Explica o Rav Yerucham que mais difícil do que sentir o sofrimento do próximo é sentir de verdade a alegria do próximo. Por que a visão de D’us termina com as seguintes palavras: “límpida como a visão dos céus”? Quando D’us se revelou para este seleto grupo de judeus, isto causou uma alegria muito grande neles, como está escrito: “E eles viram D’us, e comeram e beberam” (Shemot 21:11). Segundo Unkelos (Roma, 35ec – Israel, 120ec), que traduziu toda a Torá para o aramaico, estas palavras significam que para eles a visão de D’us trouxe tanto prazer quanto os mais deliciosos prazeres físicos. D’us quis então demonstrar que estava feliz junto com eles, e fez isto através de uma visão iluminada, como um dia claro e cheio de luz, nos ensinando como é importante nos alegrarmos com as alegrias dos outros.
Estamos acostumados a ir a uma festa e ver os convidados felicitando o dono da festa com um sonoro “Mazal Tov”. À primeira vista parece que todos estão felizes, com um contagiante sorriso no rosto. Mas será que esta alegria externa das pessoas realmente reflete o que elas sentem de verdade em seus corações? Não é tão simples assim chegar ao nível de se alegrar com a alegria dos outros como se fosse a nossa própria alegria. Muitas vezes, mesmo de forma inconsciente, nossa alegria se mistura com um pouco de inveja, uma sensação de que aquela alegria poderia estar acontecendo conosco e não com o outro. Será que aquele “Mazal Tov” não é uma alegria apenas da boca para fora? Cada um de nós precisa ser sincero consigo mesmo, para saber o quanto conseguimos de verdade sentir a alegria do próximo, e o quanto ainda precisamos nos esforçar para melhorar nesta área.

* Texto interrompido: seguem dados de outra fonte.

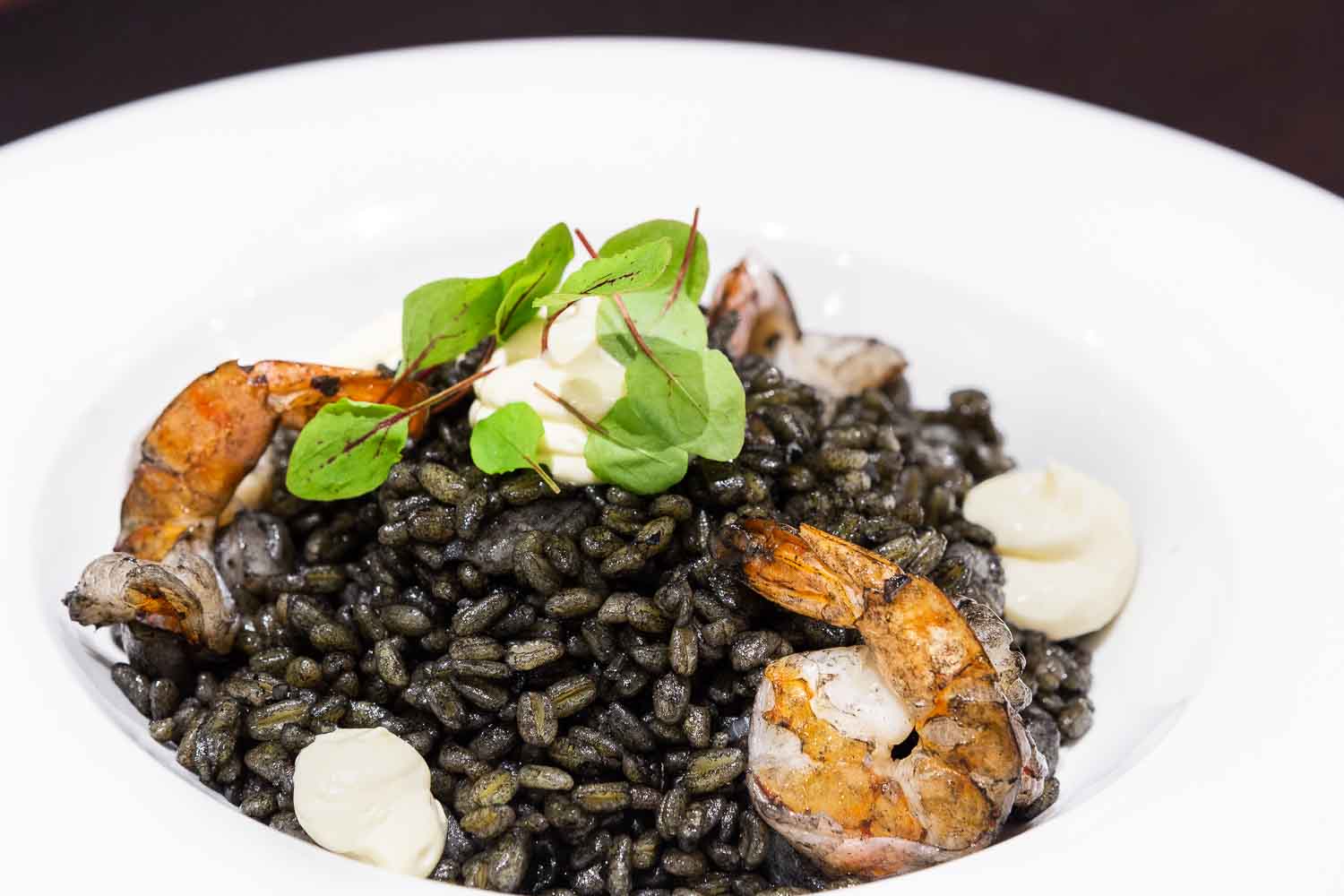 Black wheat risotto with cuttlefish, shrimp and garlic mayonnaise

Quando um comerciante se encontra com outro comerciante depois dos negócios, podem ocorrer três situações: se ele lucra e seu companheiro perde, ele fica muito feliz. Se os dois lucram ou perdem igualmente, ele fica triste. E se ele perde e seu companheiro lucra, ele fica imerso em terríveis sofrimentos. O Rav Yerucham nos ensina que, infelizmente, não há muita diferença entre o comportamento dos comerciantes e das pessoas que estão em um salão de festas. A alegria de uma pessoa é medida, portanto, de acordo com quanto ela ganha e quanto seu companheiro perde. Por isso é tão difícil sentir alegria de verdade quando é nosso companheiro, e não nós, que tem motivos para festejar.

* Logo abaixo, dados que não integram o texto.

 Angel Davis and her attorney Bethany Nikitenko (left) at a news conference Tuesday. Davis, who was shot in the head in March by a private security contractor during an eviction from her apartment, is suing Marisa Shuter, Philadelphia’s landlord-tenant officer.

Esta triste constatação é consequência da queda espiritual do ser humano. O maior problema é que nos enganamos e não sabemos o quanto chegamos a sentir até mesmo ódio no nosso coração por pessoas que achamos que nós amamos. O primeiro passo para melhorarmos é despertar e perceber o quanto estamos ainda longe do que D’us espera de nós. Precisamos superar o nosso egoísmo e nos alegrar com o que os outros têm, pois cada um recebe de D’us exatamente o que precisa para cumprir seu trabalho espiritual neste mundo. Precisamos usar mais o nosso coração para sentir a dor dos outros e ajudar no que for possível, para tentar ao menos aliviar um pouco a dor do próximo. Somente assim, através de um esforço constante, chegaremos ao nível verdadeiro de dividir com o próximo seus sofrimentos e suas alegrias.